COLOMBO, Sri Lanka, April 16
(CDN) —
Buddhist mobs attacked several churches in Sri Lanka last week, threatening to kill a pastor in the southern province of Hambanthota and ransacking a 150-year-old Methodist church building in the capital.
On April 8, four Buddhist extremists approached the home of pastor Pradeep Kumara in Weeraketiya, Hambanthota district, calling for him to come out and threatening to kill him. The pastor said his wife, at home alone with their two children, phoned him immediately but by the time he returned, the men had left.

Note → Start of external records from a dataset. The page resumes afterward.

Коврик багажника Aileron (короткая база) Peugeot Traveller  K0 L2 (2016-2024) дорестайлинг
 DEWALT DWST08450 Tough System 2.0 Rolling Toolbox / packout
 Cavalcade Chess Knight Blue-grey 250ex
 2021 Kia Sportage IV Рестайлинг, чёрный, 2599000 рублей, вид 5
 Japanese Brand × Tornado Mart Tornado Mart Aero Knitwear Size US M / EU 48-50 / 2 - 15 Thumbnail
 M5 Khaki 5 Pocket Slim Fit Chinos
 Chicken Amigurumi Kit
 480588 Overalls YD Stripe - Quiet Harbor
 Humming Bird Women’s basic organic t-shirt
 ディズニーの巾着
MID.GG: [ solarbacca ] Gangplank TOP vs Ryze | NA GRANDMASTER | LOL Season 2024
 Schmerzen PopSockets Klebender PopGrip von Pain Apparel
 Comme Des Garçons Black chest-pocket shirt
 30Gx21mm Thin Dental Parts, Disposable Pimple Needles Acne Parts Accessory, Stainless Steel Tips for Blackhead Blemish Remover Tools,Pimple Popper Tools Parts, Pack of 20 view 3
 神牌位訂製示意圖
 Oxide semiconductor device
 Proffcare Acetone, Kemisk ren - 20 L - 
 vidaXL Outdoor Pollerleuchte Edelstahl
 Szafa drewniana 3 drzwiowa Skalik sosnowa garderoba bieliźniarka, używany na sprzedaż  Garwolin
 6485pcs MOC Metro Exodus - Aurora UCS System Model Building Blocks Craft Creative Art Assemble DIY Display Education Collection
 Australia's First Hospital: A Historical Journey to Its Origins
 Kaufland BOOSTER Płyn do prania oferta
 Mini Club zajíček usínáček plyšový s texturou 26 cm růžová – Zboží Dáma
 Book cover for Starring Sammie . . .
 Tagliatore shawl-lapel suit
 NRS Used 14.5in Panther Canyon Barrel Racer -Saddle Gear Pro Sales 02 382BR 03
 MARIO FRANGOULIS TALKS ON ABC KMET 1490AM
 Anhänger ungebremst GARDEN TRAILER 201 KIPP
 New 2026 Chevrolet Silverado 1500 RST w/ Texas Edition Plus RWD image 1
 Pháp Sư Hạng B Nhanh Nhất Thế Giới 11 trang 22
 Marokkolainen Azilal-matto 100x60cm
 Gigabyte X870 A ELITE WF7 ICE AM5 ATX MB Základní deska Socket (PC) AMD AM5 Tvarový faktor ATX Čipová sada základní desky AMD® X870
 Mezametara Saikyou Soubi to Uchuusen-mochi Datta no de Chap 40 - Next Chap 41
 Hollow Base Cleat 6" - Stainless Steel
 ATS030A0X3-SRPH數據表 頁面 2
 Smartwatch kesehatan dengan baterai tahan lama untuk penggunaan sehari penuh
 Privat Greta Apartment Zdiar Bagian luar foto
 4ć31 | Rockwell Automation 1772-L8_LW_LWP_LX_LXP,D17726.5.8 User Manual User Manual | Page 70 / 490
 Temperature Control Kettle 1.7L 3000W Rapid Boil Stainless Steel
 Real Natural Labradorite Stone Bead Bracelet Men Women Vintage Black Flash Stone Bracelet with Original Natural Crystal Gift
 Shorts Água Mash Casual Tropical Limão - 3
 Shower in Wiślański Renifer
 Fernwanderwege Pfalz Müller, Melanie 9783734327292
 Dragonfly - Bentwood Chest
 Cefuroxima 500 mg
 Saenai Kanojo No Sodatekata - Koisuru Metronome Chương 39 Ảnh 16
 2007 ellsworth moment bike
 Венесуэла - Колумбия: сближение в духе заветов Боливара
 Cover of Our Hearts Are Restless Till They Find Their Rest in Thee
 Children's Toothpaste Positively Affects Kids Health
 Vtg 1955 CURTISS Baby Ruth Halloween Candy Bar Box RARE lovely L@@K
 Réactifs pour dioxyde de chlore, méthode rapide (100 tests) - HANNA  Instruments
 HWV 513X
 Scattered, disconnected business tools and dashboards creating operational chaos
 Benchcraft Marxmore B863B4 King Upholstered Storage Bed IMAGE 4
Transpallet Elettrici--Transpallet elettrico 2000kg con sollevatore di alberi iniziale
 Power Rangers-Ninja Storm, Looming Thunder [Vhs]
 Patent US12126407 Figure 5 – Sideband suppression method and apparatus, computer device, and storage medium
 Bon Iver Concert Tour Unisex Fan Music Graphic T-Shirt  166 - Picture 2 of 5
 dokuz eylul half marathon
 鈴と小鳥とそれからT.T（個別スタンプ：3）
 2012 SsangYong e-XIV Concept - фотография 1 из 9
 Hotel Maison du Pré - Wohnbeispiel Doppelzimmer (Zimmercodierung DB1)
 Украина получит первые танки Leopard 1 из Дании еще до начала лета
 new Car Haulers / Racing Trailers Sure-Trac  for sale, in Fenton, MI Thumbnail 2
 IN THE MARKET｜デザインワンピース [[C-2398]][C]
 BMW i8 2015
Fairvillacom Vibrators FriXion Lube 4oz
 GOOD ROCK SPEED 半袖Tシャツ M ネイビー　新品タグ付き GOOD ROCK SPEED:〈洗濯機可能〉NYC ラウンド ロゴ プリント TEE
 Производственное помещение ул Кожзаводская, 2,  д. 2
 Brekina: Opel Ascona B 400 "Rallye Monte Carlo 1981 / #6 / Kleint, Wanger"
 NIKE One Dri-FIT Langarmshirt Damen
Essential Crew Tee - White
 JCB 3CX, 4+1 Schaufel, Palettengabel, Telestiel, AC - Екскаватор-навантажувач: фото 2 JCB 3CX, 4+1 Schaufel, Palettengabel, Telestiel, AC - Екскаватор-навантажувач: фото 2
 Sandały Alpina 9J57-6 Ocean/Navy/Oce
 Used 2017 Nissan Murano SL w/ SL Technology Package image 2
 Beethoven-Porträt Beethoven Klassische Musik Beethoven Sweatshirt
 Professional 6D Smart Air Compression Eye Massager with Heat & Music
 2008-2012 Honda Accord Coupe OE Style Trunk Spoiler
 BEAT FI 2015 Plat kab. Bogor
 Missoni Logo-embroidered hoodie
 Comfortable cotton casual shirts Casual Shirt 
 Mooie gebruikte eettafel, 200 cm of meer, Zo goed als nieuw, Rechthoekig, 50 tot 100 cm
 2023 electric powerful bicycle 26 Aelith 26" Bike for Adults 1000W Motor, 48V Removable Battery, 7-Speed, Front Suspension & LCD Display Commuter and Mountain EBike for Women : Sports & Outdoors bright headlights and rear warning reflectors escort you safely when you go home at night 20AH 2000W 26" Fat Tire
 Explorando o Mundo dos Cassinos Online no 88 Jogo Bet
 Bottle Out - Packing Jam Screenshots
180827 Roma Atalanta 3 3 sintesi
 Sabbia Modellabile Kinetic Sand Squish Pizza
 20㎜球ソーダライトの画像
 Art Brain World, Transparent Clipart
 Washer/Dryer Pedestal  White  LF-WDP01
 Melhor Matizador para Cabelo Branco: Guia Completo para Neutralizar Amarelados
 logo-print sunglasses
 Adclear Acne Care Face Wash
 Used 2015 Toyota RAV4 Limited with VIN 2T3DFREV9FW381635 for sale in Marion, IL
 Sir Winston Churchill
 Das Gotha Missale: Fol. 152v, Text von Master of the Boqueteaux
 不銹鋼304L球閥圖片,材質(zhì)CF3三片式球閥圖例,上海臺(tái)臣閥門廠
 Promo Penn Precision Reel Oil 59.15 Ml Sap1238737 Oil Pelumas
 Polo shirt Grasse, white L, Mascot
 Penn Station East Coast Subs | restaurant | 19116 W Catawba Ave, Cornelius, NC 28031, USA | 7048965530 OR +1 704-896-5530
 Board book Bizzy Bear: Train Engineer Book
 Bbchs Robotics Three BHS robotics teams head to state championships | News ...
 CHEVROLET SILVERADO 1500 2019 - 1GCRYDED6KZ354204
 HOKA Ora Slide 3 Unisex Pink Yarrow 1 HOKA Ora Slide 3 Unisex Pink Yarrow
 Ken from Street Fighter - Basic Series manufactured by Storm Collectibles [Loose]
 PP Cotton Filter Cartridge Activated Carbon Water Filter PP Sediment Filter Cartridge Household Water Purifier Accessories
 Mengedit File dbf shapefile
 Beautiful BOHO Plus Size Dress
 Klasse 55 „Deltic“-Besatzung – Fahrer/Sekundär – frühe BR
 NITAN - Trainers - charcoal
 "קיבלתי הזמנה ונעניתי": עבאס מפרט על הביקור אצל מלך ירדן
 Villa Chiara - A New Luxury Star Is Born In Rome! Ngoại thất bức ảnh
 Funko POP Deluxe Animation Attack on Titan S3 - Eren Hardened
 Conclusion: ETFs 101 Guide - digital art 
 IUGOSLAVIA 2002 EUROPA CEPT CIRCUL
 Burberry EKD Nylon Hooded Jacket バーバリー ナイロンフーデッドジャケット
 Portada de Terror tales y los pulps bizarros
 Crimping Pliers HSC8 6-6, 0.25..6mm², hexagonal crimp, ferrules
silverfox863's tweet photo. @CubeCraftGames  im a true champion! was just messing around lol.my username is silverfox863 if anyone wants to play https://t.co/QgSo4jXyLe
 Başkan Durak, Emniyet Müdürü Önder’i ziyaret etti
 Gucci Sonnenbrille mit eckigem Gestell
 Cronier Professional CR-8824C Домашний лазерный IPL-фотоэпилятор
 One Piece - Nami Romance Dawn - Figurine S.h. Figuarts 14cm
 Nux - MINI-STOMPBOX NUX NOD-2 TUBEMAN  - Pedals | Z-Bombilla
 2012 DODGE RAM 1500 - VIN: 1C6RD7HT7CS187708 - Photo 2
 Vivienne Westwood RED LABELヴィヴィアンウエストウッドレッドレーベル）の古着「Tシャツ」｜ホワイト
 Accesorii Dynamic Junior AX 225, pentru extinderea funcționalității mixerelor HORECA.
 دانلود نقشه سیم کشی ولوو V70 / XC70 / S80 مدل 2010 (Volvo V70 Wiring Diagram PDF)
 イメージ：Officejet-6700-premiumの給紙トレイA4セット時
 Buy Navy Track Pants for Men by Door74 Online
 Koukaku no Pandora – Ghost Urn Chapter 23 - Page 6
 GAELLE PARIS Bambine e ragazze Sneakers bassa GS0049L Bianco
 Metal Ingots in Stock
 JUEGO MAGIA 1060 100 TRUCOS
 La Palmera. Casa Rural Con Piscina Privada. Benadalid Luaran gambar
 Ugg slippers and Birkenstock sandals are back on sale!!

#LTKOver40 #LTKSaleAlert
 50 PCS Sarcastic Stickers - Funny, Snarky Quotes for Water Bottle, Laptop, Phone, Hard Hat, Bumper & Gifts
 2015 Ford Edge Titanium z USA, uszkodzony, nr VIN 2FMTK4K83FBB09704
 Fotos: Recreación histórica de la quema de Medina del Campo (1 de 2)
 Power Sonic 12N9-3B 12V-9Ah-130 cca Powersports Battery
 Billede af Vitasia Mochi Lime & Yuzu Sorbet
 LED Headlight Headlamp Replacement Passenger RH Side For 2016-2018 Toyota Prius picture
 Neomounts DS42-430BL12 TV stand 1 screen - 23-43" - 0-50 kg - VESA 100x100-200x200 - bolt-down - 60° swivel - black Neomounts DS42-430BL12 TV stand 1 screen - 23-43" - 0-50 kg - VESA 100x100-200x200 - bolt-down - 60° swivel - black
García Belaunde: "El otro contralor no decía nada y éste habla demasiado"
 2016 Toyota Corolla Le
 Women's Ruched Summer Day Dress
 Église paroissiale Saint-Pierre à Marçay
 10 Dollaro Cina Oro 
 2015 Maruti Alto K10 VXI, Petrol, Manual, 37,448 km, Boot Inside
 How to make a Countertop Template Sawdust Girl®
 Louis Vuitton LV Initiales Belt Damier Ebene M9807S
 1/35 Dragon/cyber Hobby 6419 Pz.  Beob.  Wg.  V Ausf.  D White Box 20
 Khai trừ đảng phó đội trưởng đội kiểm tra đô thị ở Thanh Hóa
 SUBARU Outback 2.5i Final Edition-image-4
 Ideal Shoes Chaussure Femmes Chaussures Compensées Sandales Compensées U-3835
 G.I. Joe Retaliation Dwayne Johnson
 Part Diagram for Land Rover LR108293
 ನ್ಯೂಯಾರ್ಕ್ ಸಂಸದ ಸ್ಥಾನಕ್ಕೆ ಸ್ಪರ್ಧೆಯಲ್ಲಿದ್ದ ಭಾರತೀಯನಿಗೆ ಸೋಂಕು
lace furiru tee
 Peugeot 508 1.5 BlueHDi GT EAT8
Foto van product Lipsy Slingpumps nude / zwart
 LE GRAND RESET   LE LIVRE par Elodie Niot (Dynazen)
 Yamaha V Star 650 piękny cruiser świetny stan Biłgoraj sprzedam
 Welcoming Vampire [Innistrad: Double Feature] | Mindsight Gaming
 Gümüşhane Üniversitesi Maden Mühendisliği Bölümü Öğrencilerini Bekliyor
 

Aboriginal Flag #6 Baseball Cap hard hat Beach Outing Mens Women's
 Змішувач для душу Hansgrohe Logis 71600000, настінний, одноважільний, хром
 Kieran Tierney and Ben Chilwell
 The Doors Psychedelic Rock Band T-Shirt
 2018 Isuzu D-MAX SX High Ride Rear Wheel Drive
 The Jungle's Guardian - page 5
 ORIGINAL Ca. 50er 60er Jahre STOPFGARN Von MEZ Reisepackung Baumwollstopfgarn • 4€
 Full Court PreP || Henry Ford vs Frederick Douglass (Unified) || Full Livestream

Half an hour later, Kumar said, the leader of the group phoned him and again threatened to kill him if he did not leave the village by the following morning. Later that night the group leader returned to the house and ordered the pastor to come out, shouting, “I didn’t bring my gun tonight because if I had it with me, I would use it!”
“My children were frightened,” Kumara said. “I tried to reason with him to go away, but he continued to bang on the door and threaten us.”
Police soon arrived on the scene and arrested the instigator but released him the following day.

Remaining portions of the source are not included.